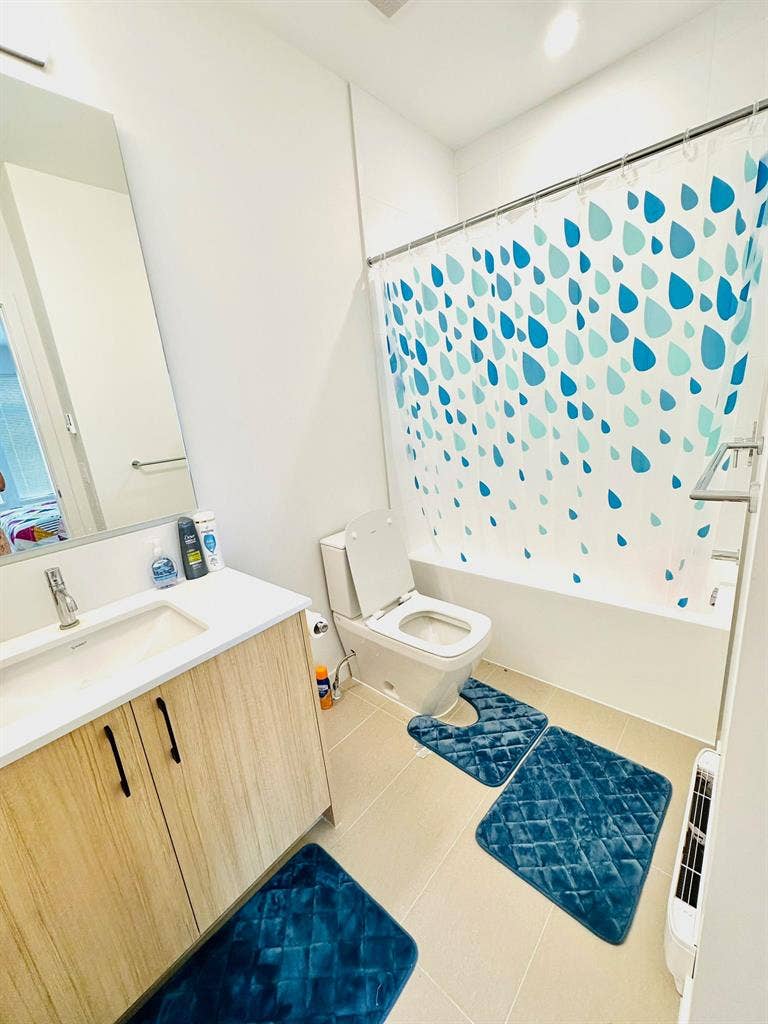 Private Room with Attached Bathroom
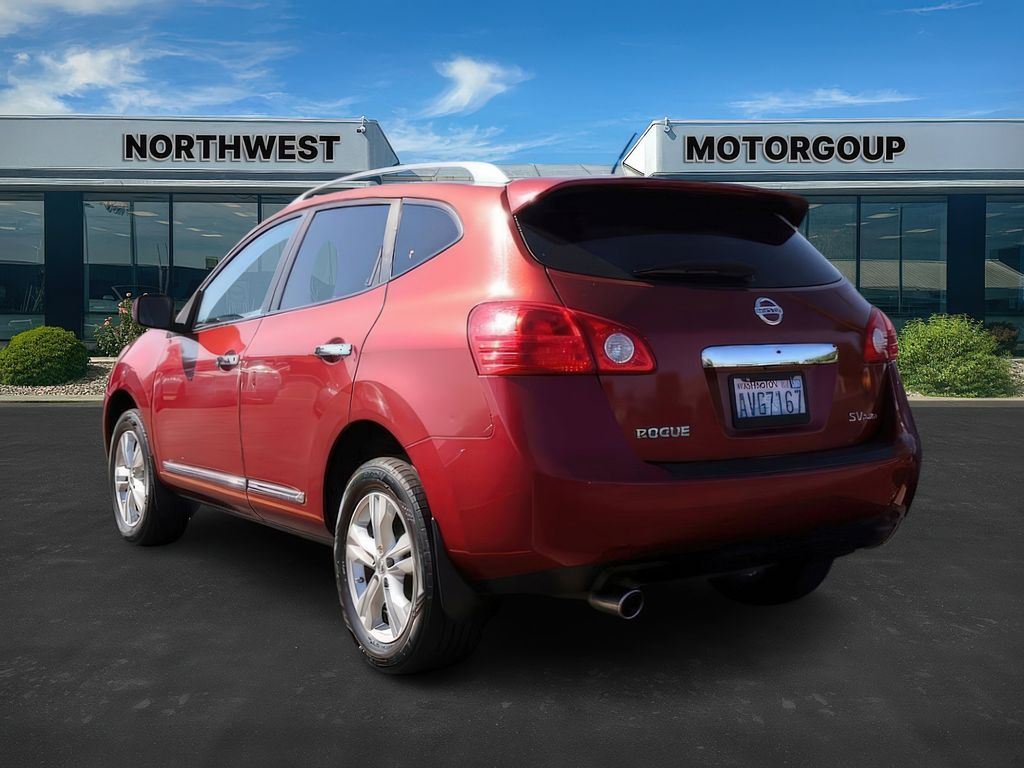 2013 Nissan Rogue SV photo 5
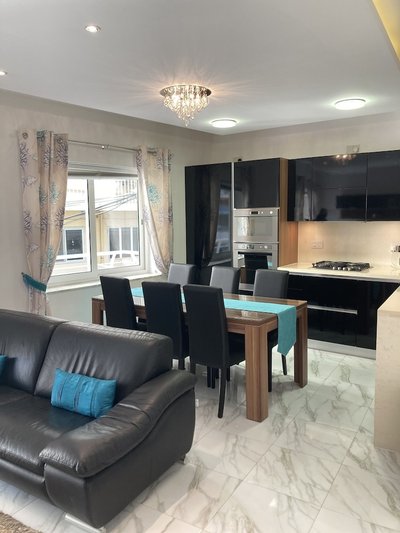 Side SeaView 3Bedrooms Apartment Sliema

- - - - -

EXERCISE DIRECTIONS ▸
Both the line containing "2013 Nissan Rogue SV photo 5" and the last line of the listing above belong in the copy, along with every line between them; retype them exactly and omit the pictures.

ANSWER FOR THIS EXERCISE ▸
 2013 Nissan Rogue SV photo 5
 Side SeaView 3Bedrooms Apartment Sliema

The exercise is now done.